San Paisios del Monte Athos, Grecia (+1994)

Una delle specificità dell’anziano Paisios fu quella di avere un rapporto profondo e armonioso con il mondo naturale e animale a lui circostante.

Egli insegnava: “Se ami gli animali, costoro lo sentono e ti vedono in un altro modo, come un amico. Nel paradiso, prima della caduta, gli animali erano amici dell’uomo, Adamo aveva il carisma della previsione spirituale, intuiva i bisogni degli animali e li aiutava. L’aquila mangiava solo gli animali morti; solo dopo è divenuta selvaggia e mangia anche quelli vivi. Tutti gli animali erano domestici, ma dopo la caduta si sono inselvatichiti”. Non mancò chi testimoniò d’aver visto il monaco dialogare con passerotti, orsi, serpenti e aquile e questi gli obbedivano. Altrove l’Anziano disse:

“Quando io mi metto al posto della bestia selvaggia, inizio ad amarla e posso avere compassione pure per i serpenti. […] L’amore divino tocca gli animali selvaggi. Una bestia selvaggia è in grado di discernere se un cacciatore viene a ucciderla. Si avvicina all’uomo che l’ama, non ha paura di lui”.

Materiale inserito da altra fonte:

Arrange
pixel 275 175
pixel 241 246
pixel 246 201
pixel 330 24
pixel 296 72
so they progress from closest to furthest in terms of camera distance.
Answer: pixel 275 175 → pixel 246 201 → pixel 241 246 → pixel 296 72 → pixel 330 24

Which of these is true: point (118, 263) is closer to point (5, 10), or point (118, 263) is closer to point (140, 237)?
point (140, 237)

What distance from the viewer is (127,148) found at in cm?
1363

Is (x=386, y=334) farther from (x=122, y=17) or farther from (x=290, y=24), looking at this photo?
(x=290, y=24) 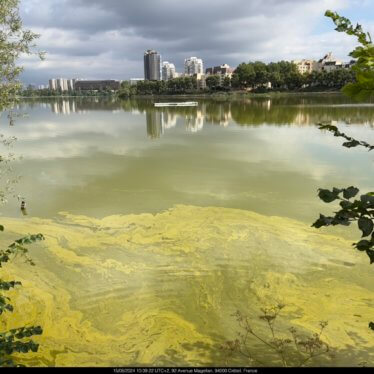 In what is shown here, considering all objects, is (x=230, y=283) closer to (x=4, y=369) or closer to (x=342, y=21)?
(x=4, y=369)

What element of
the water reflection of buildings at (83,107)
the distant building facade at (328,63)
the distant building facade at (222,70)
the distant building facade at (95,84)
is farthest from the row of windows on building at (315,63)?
the distant building facade at (95,84)

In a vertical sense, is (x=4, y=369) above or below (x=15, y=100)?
below

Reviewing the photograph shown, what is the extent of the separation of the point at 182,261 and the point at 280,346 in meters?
2.90

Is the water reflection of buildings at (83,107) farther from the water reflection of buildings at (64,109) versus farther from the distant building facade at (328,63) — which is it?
the distant building facade at (328,63)

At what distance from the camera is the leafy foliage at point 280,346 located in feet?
15.5

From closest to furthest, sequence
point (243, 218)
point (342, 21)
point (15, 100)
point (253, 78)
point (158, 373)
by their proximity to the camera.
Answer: point (342, 21) < point (158, 373) < point (15, 100) < point (243, 218) < point (253, 78)

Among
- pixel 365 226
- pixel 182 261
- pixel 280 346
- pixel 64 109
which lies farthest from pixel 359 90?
pixel 64 109

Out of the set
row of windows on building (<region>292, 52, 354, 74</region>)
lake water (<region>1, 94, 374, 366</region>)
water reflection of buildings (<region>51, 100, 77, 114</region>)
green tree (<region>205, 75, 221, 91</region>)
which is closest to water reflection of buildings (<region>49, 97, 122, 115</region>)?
water reflection of buildings (<region>51, 100, 77, 114</region>)

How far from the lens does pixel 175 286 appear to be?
21.4ft

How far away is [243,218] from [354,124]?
21845 millimetres

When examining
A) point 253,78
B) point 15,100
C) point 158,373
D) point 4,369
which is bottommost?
point 158,373

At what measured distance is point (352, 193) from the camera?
1.69 metres

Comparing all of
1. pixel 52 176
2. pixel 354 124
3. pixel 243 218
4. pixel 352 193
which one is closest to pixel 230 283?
pixel 243 218

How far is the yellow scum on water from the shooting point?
5180 millimetres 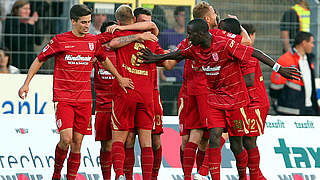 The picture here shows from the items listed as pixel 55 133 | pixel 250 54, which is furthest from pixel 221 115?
pixel 55 133

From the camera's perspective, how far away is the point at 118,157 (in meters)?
9.36

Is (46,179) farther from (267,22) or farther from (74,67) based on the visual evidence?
(267,22)

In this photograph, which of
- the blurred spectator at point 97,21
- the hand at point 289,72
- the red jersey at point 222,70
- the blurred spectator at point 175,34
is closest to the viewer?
the hand at point 289,72

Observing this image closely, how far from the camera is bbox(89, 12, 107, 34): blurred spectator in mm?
12359

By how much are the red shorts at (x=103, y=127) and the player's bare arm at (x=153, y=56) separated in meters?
1.26

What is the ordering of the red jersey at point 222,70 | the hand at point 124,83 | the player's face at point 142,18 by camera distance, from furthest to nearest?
the player's face at point 142,18 < the hand at point 124,83 < the red jersey at point 222,70

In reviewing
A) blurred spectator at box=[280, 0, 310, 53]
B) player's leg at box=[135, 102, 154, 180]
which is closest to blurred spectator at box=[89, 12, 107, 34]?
player's leg at box=[135, 102, 154, 180]

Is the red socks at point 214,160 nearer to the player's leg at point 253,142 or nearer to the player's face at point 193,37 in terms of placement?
the player's leg at point 253,142

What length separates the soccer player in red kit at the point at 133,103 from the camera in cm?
949

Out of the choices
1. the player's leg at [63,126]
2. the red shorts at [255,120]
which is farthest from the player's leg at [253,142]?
the player's leg at [63,126]

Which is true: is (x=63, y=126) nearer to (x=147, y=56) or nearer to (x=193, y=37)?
(x=147, y=56)

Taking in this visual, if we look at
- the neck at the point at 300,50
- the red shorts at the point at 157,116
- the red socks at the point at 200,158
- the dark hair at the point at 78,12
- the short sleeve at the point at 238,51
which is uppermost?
the dark hair at the point at 78,12

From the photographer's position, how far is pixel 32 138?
1121cm

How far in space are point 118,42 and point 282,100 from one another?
488 cm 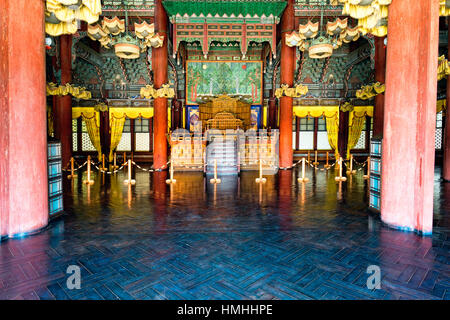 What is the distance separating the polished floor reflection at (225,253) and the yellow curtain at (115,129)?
8.94 meters

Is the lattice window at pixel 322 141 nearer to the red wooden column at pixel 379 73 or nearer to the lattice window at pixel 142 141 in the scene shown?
the red wooden column at pixel 379 73

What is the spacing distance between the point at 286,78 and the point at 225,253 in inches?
369

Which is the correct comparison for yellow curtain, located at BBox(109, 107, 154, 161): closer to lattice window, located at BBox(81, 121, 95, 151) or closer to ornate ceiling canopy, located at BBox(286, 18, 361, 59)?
lattice window, located at BBox(81, 121, 95, 151)

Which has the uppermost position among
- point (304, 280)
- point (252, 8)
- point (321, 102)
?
point (252, 8)

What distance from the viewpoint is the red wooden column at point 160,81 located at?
35.3ft

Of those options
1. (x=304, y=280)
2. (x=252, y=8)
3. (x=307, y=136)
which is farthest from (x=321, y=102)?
(x=304, y=280)

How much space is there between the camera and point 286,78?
11383mm

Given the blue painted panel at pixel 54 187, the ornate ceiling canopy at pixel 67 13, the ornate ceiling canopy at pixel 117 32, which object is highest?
the ornate ceiling canopy at pixel 117 32

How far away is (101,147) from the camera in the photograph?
47.9 ft

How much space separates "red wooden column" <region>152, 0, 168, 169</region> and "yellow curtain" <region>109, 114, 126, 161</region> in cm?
445

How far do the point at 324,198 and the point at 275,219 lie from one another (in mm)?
2070

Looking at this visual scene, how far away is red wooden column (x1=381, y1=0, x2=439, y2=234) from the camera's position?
12.7ft

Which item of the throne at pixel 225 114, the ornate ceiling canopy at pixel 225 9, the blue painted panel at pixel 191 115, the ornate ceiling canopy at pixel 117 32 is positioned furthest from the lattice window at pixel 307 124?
the ornate ceiling canopy at pixel 117 32

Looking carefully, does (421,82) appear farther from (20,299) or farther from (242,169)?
(242,169) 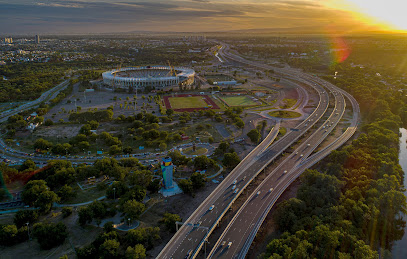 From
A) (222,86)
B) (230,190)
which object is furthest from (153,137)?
(222,86)

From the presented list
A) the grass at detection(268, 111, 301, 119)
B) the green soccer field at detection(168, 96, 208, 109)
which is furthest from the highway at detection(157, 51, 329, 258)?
the green soccer field at detection(168, 96, 208, 109)

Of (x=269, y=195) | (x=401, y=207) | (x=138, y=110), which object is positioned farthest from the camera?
(x=138, y=110)

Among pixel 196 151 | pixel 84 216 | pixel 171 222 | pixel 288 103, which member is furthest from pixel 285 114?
pixel 84 216

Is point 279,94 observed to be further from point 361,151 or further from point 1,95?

“Egli chiamava i leprotti selvatici come noi chiamiamo i gatti e questi non avevano paura di vivere con lui. Questo leprotto era stato trovato dall’Anziano nei presso degli albicocchi, gli aveva fatto un segno di croce sulla fronte e chiese al suo figlioccio Basilio come ad altri cacciatori di non ucciderlo”.

Fonte:

Hiéromoine Isaac, L’Ancien Paissios de la Sainte Montagne, L’Age d’Homme, Lausanne 2008.